Il libro nasce dall’idea di un “divorzio” che stiamo vivendo. Da una parte l’IA ci permette di risolvere problemi con successo. Se la mia lavastoviglie non fosse “intelligente”, spaccherebbe tutti i piatti o l’auto a guida autonoma andrebbe a sbattere. Oggi abbiamo la possibilità di fare queste cose con strumenti che hanno l’intelligenza della caffettiera di mia nonna però hanno un successo straordinario. Ecco il divorzio. Non è un matrimonio tra ingegneria e biologia che crea IA tipo androidi di Star Wars che capiscono, sono intelligenti, motivati etc. Dal momento in cui separiamo l’agire dal capire, quando l’intelligenza va da una parte e la capacità di agire dall’altra, in questa spaccatura si annidano tutti i problemi.

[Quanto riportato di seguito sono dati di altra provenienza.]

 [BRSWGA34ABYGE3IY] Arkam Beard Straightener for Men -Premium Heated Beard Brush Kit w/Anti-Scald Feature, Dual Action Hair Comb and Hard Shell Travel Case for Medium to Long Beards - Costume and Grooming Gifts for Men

Nel film 2001 Odissea nello Spazio del 1968, Kubrick s’immaginava un futuro dove l’uomo perdeva il controllo sul computer che aveva creato. Forse non siamo tanto lontani se guardiamo ai recenti incidenti occorsi alla Boeing con il 737 Max. Un algoritmo che mistificava la realtà, impediva ai piloti di riprendere il controllo dell’aereo. Dobbiamo preoccuparci?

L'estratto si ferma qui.